• **Work item**: Among the entries below, extract exactly the lines that run from the one with "Sunnyside Family Farm Camping" through the one with "What's it like", both ends included.

• **Data shown**:
□ □ □ □ □

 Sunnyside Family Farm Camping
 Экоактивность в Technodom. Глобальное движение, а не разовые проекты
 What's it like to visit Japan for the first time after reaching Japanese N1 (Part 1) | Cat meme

□ □ □ □ □

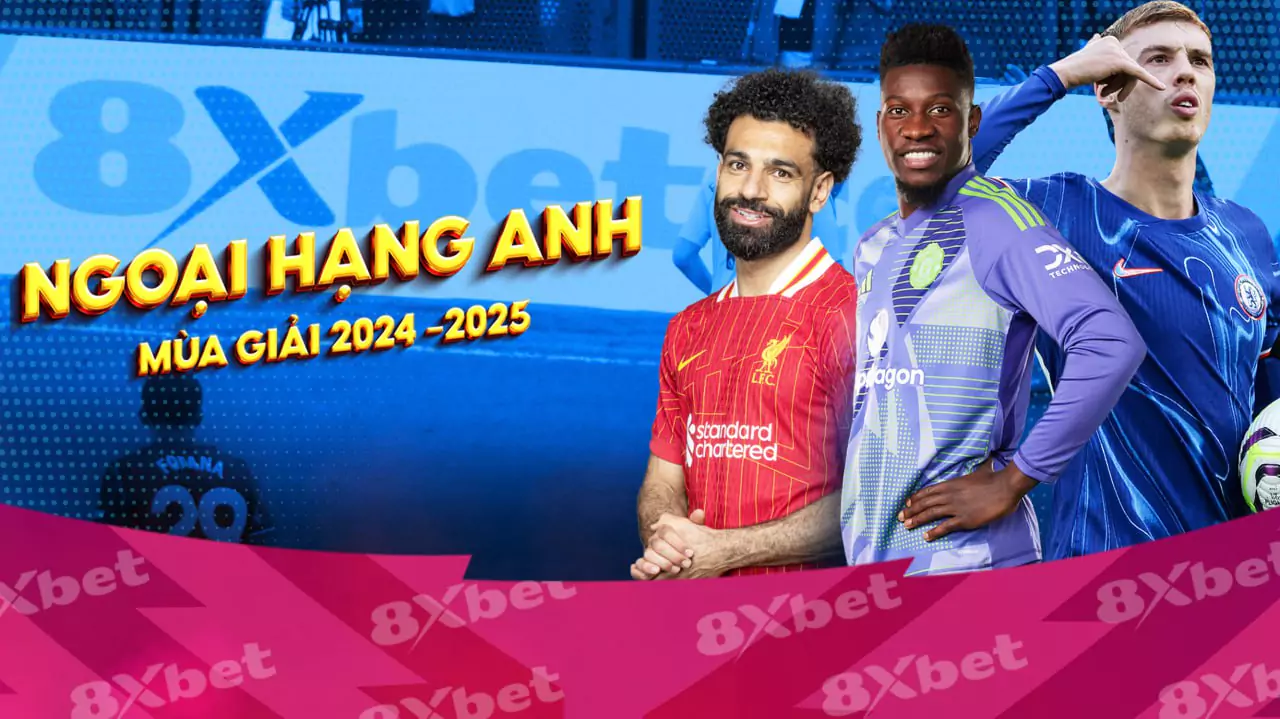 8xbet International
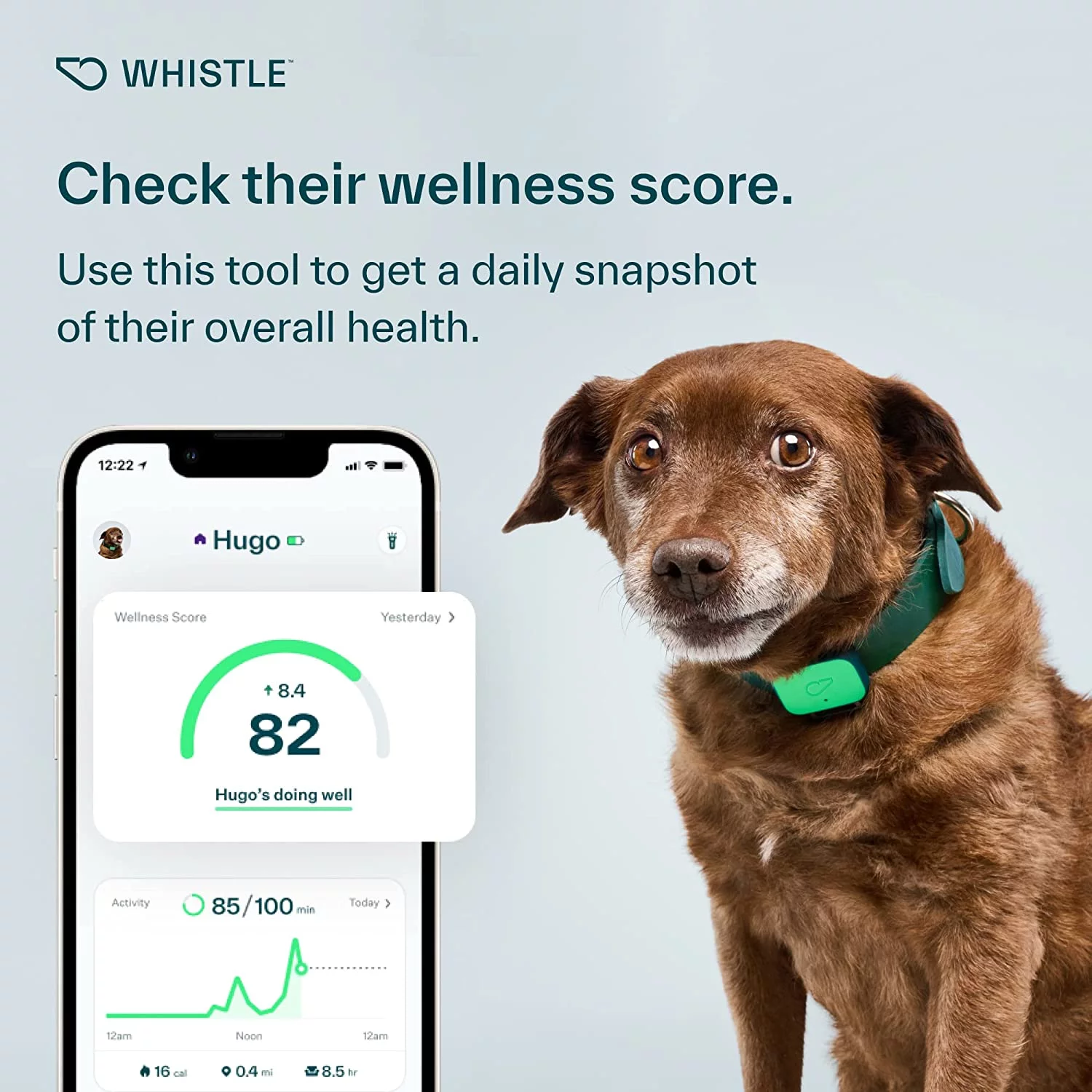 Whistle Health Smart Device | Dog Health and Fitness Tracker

□ □ □ □ □

• **Answer section**:
 Sunnyside Family Farm Camping
 Экоактивность в Technodom. Глобальное движение, а не разовые проекты
 What's it like to visit Japan for the first time after reaching Japanese N1 (Part 1) | Cat meme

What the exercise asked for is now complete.